The DeputyLibrarian at Hull, the unfortunate Arthur Wood, is a 'goggling little ass' in 1960 and never improves in Larkin's bilious estimation of him; I expect they are a rum lot is his expectation of some landladies who take in students that he has to speak to, and in 1975, at the Ilkley Literature Festival, having shown up for the presentations,
M & I legged it before the poetry-reading began,
which might well have been wise. In later life, with Monica, he is admirably worried about being met on the stairs of a hotel, sneaking a bottle of booze up to their room rather than have to pay bar prices and be sociable.
All of which is traditional, English sitcom or postcard humour except this is in the life of the finest poet of his generation until, it begins in the early 1960's and even insinuates itself into these letters, James Booth is not such an apologist that he can leave out evidence of the worst bits.

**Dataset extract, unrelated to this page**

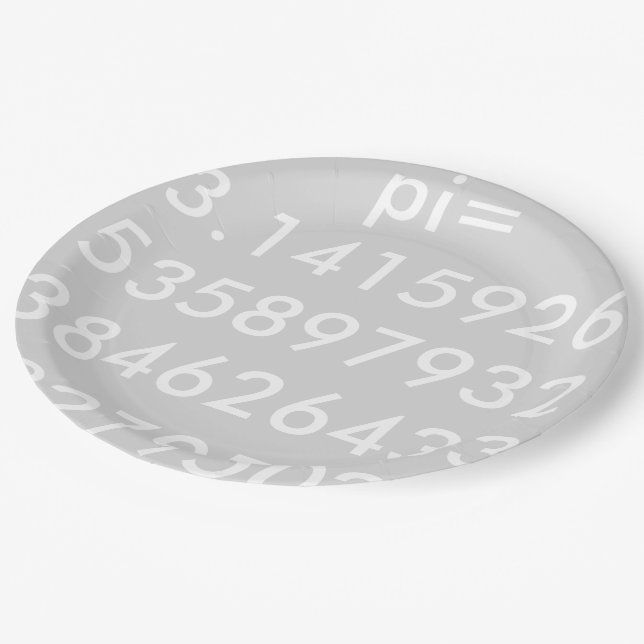 pi Digits Math Love pi= 3.14159 pi Day paper plate (Angled)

Up to a point, one can accept that the 1960's and 70's were the age of On the Buses, Love Thy Neighbour and casual racism that was then a staple of mainstream humour ahead of any Corbynite fundamentalism or the fact that it is by now simply illegal. Larkin wasn't the only one who failed to grasp the benefits of immigration and thus regarded West Indians as some kind of undefined threat, despite his extensive collection of 'negro' jazz records. One tries to forgive as much as one can until,
in 1970,
I regret the banning of cricket as a giving-in to forces of disruption more baleful than apartheid could ever be,
where, in so few words, he undoes all the much good work put together in the rest of the book.

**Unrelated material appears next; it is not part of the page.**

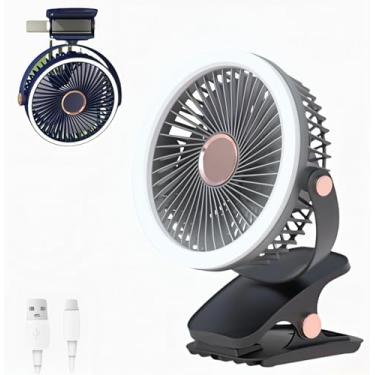 Imagem de Ventilador de Mesa Portátil Recarregável Mini Ventilador Silencioso com Bateria de Longa Duração 2400mAh LED Integrado 5 Velocidades Ajustáveis 360 Graus Ideal para Escritório e Usos Domésticos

We know he goes to Lords for test matches, eventually achieves membership of the MCC, but he has missed the whole point of Basil D'Oliveira, and that undermines all the minute detail of a photograph of some darned socks (Good Grief); the complaints about the weather; the genius poker hand he played, keeping Monica, Maeve and Betty onside and somehow his mother understanding; the brilliant administration of the library and, meanwhile, knocking out not just these letters and all the others but the diaries we must now be becoming more grateful to Betty Mackareth for destroying, and the poems, too.
No more is necessary, no more is needed if all we would like is some background to the poems without finding ourselves implicated as weird voyeurs into the life of someone who regarded himself as private.

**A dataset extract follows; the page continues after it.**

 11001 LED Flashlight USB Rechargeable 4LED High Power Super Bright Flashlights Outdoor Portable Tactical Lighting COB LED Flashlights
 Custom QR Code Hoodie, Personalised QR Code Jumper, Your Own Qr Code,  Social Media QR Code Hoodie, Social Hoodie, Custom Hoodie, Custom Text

It is a hugely enjoyable read, meticulously edited to distraction by Prof. Booth, but not the first book on any list of required Larkin reading. Once you've read the poems, you want the Required Writing.
Just because someone writes like an angel, that doesn't mean they're an angel. Like George Orwell said, and Larkin concurs, good writers aren't ipso facto good people. I was saving that line up for Shakespeare but I'll give it a little rehearsal here now.